Texas' respect hasn't wavered, despite meager results
JUL 23, 2014 1:17a ET
DALLAS--For players across the Big 12, Texas is still "Texas" even if they're not quite Texas anymore.
Let me explain.
It's been five years since Texas has claimed the Big 12 or Big 12 South, its longest such streak in Big 12 history.
"People don't respect us the way (Texas was) respected back in the day. It's up to us to change that," Diggs said. "Hey, they have a point. We haven't won the games like they won back in the day."
For fans and media around college football, Diggs is right.
"On that six game win streak, we didn't jump into the top 25 until the last game," he said. "People expect a lot from Texas and I respect that. That's what made us want to come here."
I was curious if Diggs' presupposition applied to players across the league, too. The short answer? The Longhorns rep hasn't taken as much of a beating in the last five years as the critics who don't step onto the field might think.

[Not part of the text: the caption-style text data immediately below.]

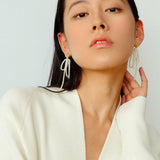 Bow Dance Metal Lava Petite Bow Long Pearl Earrings - floysun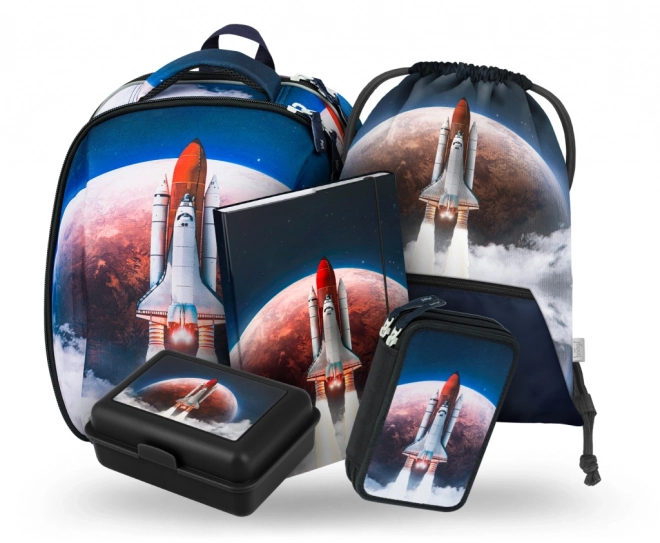 BAAGL SÆT 5 Shelly Space Shuttle: skoletaske, penalhus, pose, mapper, boks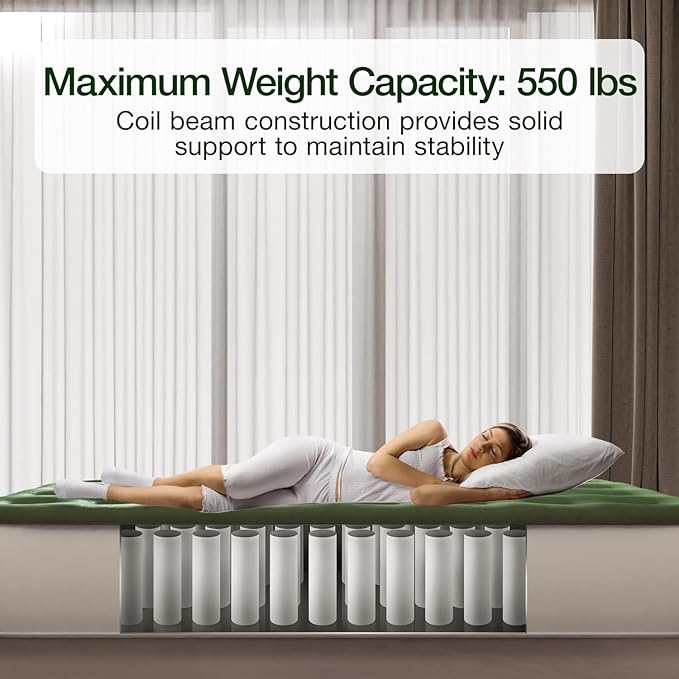 Air Mattress with Built in Pump - Upgraded Twin Blow Up Mattress, 2 Mins Quick Self Inflatable, 13"/550lbs Max, Strong Support, No Lost Air, for Camping,Home,Guests,Portable Travel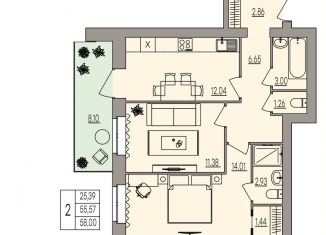 Продается двухкомнатная квартира, 58 м2, Волгоград, улица Землячки, 84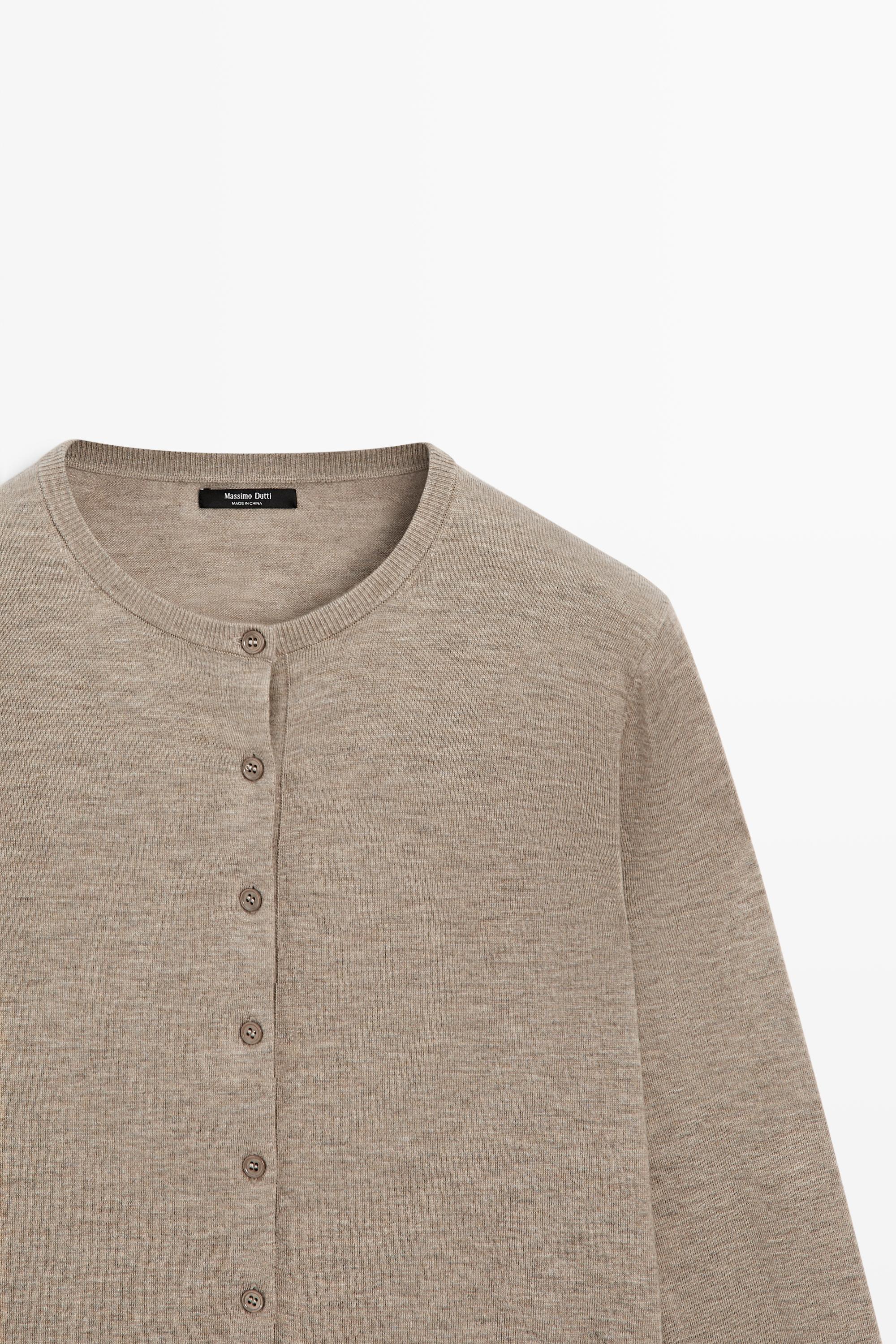 Fine-knit round neck cardigan — BEIGE MARL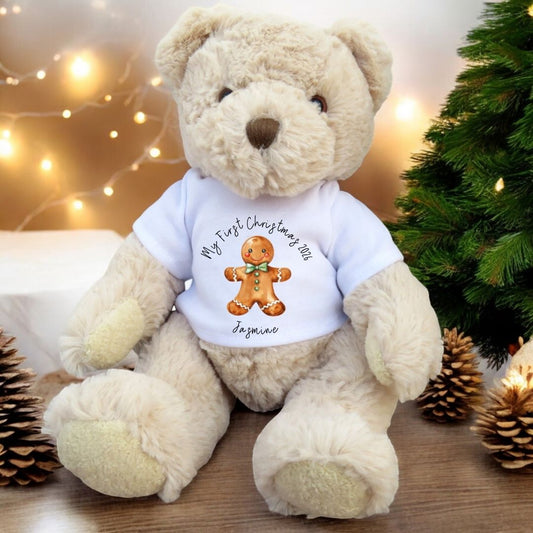Personalised 1st Christmas Gingerbread Teddy Bear, Baby First Christmas Gift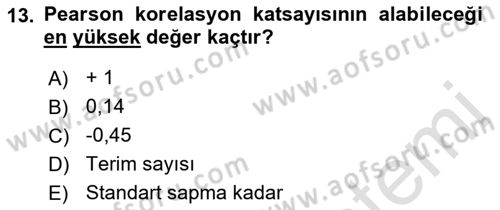 Sağlık Alanında İstatistik Dersi 2018 - 2019 Yılı 3 Ders Sınav Soruları 13. Soru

"Texas is never a team to take lightly," Iowa State senior defensive end Cory Morrissey said. "It's like waiting for the dragon to wake up and come out of its lair."
Iowa State, who hasn't won a conference title since taking home the Missouri Valley Intercollegiate Athletic Association trophy in 1912, beat Texas in 2010 and nearly did it again last year, but the Longhorns escaped with a late game-winning drive.
The Longhorns burgeoning budget hasn't translated to wins since their 2009 Big 12 title and BCS Championship Game appearance. An 18-17 record in Big 12 play in the following four seasons cost Mack Brown his job, but it's not enough to change how Texas is viewed by players around the league.
"My first year, I was like, 'Oh my God, I'm playing Texas'" Iowa State center Tom Farniok said. "That was pretty intimidating and it was kind of my first, 'Wow, I'm playing at a high level' moment."
Farniok, by the way, is talking about the 2011 Longhorns, who were coming off a 5-7 season and finished 7-5 in the regular season before beating Cal in the Holiday Bowl.
The Longhorns' recruiting experienced only marginal slippage during the down years, which makes it easy to look at more than just win total. Players like Oklahoma's Chuka Ndulue, who played high school football in Dallas, knew the top talent from the metroplex and saw them become Longhorns.
"Texas will always be Texas," Oklahoma defensive lineman Chuka Ndulue said. "(Down years) happen. Look at Muhammad Ali. He lost his championship and then got it back."
The Longhorns may not be truly feared on the field like they were when Colt McCoy was tossing an incompletion every four games, Vince Young was breaking three tackles a play and Brian Orakpo was bullrushing double teams of tackles and guards, but history and talent are impossible to ignore.
"Texas is Texas, whether they're undefeated or didn't win any games. They're a big name school," West Virginia receiver Kevin White said. "If you can't get up to try and beat Texas, something's wrong with you."